Building blocks to maths skills
Simple ways to stack the deck in your children’s favour.
WITH a push for STEM (Science, Technology, Engineering, Mathematics) development in children, experts are constantly coming up with new research and new methods to find better ways to enhance those science, technology, engineering and maths skills in kids, and get parents and teachers on board, too.
One of those ways relies on a tried-and-true part of playtime: building blocks – and when you add adults to the equation, you’ve got a partnership in play that’ll pay dividends for years to come.
Families explored that partnership recently at the Sauk Valley Community College, Illinois, United States, where both kids and adults learned a little something during Block Fest, and the older students helped the younger ones build skills that will last them through grade school and beyond.
Northern Illinois University’s Centre for P-20 Engagement and Division of Outreach, Engagement and Regional Development brought Block Fest to Sauk to demonstrate the skills that can be learned from stacking, sorting and creating with non-interlocking blocks – and while playing with blocks might seem simple, there’s more to it than that.
Janice Jones, Sauk’s assistant professor of education, said the programme, originally created at the University of Idaho, helps children as young as eight months, all the way up to eight years, develop early maths skills.
“The idea is there are stages of block play that kids advance through developmentally,” Jones said. “Just giving kids the opportunity to play with blocks or other items, like cardboard boxes and Tupperware containers, and to build and try different things, helps them build maths skills.”
What’s more, those blocks provide the foundation on which kids can build increasingly complex skills from one year to the next, all the way to high school.
Students from the Future Educators organisation at SVCC were on hand to play with the children and teach parents some open-ended questions to ask during play.

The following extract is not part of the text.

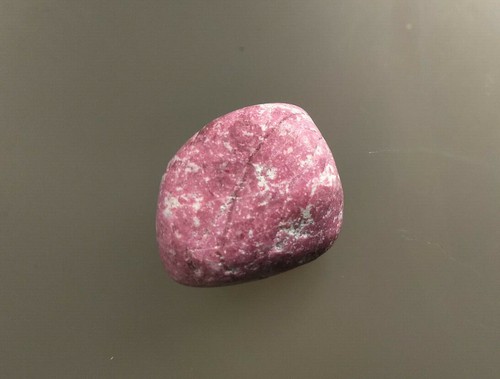 Thulite fidget tumbled - fidget, stone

Questions like “Can you find a block the same size as this one?” or “What would happen if you only had these two shapes?” help enhance a child’s play and benefit their understanding of mathematical concepts, such as symmetry and numeracy.
Children also develop their interaction and literacy skills through this type of play.
Future Educators member Emily Ditcler said the work- shop was a great opportunity for her to see how children think.
“It’s really neat to see how their brains work and how they want to build,” Ditcler said. “I’ve had a couple where they want to get it up really high and I had another kid who just loves pushing them down; he just loves it. It’s kind of interesting to see how they interact with not only the blocks but with each other.”
Families can learn that “interacting with [kids] with whatever you have around the house is academically important down the road,” Jones said.
Amy Jo Clemens, a senior research associate with the Division of Outreach, Engagement and Regional Development at NIU, said one of the programme’s goals was to help families develop “a love of non-interlocking blocks.”
“Research shows that kids who play with non-interlocking blocks develop spatial skills that they’ll need, especially when they’re doing advanced mathematics, like in middle school,” she said.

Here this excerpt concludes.